1. PagedAttention vs. Focused Attention

  • In ML: Traditional serving pre-allocates one massive block of GPU memory per request—like reserving an entire hotel floor for a single guest. Most of it sits empty . vLLM's PagedAttention manages the KV cache in small, dynamic, non-contiguous pages. Memory is allocated only as needed and released immediately upon completion, resulting in near-zero waste. This is how vLLM handles dramatically more concurrent traffic.

  • In You: High performers do not hold every open project and pending email simultaneously in their active working memory. They "page in" what the current task actually needs, process it, and release it. People who carry everything at once feel constantly busy, but their output is fragmented, slower, and lower quality. Focused attention isn't a soft skill—it’s memory management.

2. Continuous Batching vs. Pipeline Thinking

  • In ML: Instead of waiting for an entire batch to run to completion (static batching), vLLM uses continuous batching. The moment any slot completes its generation, a new request is slotted in immediately. The GPU is never idle, and throughput skyrockets.

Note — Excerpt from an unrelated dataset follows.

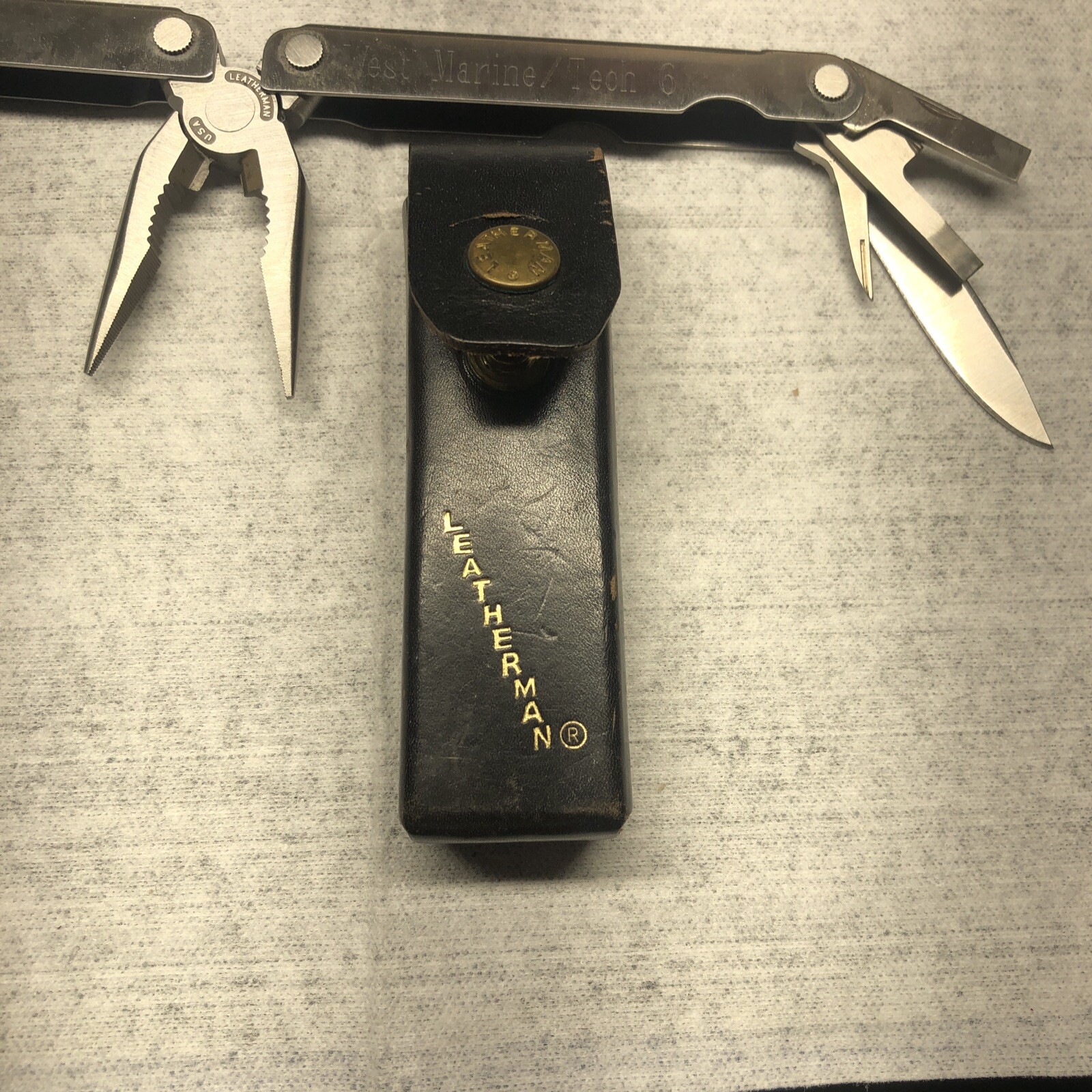 Vintage Original Leatherman Multi Tool With Leather Sheath Portland Oregon 06/97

  • In You: Effective professionals design their workflow so it never idles. While one deliverable is in review, the next is already in motion. While waiting on a response, another task is being processed. This isn't frantic multitasking; it is deliberate, linear sequencing.

3. KV Cache Reuse vs. Your Body of Prior Work

  • In ML: In enterprise applications, requests constantly repeat the same system prompt. Hugging Face recomputes those attention states from scratch every single time . vLLM uses prefix caching to compute those states once, store them, and allow subsequent requests to retrieve the cache instantly instead of recomputing. Latency drops off a cliff.

  • In You: Every problem you have solved and documented, every framework you've built, and every decision log, template, or post-mortem you’ve written down is your personal KV cache. You don't start from scratch on a new task; you retrieve, adapt, and ship. Professionals who never build this cache spend their entire careers recomputing things they solved years ago.

KV Cache Joke

4. High Throughput vs. Output Matching Capability

  • In ML: The combined effect of these innovations means more requests handled per second and a lower time-to-first-token on the exact same hardware. The model didn’t get smarter; the infrastructure got optimized.

  • In You: This translates to more output per unit of energy. Not by working longer hours or magically knowing more, but by removing the friction between what you are capable of and what you actually deliver.

The Point: Build the Model.

Then Build the Inference Engine.

Your education trained you. Your discipline fine tuned you. Your first job deployed you into production. Those phases matter deeply, and the years you put into them are real. But they only produced a capable model not an optimized serving layer.

Production is where the game is actually played: concurrent demands, zero answer keys, immediate deadlines, and real stakes. This is where training quality stops mattering, and serving infrastructure takes over.

  • The person who implements PagedAttention (focused, uncluttered cognitive management) processes metrics more clearly.

  • The person who practices Continuous Batching (keeping their pipeline moving safely) delivers consistently.

  • The person who builds a KV Cache (documenting and templating solutions) never wastes time recomputing the past.

Hugging Face gets you running; vLLM gets you scaling. Your degree got you deployed, but how you serve is how you are remembered.

The question was never whether you were trained well enough. The question is whether your infrastructure is ready for production.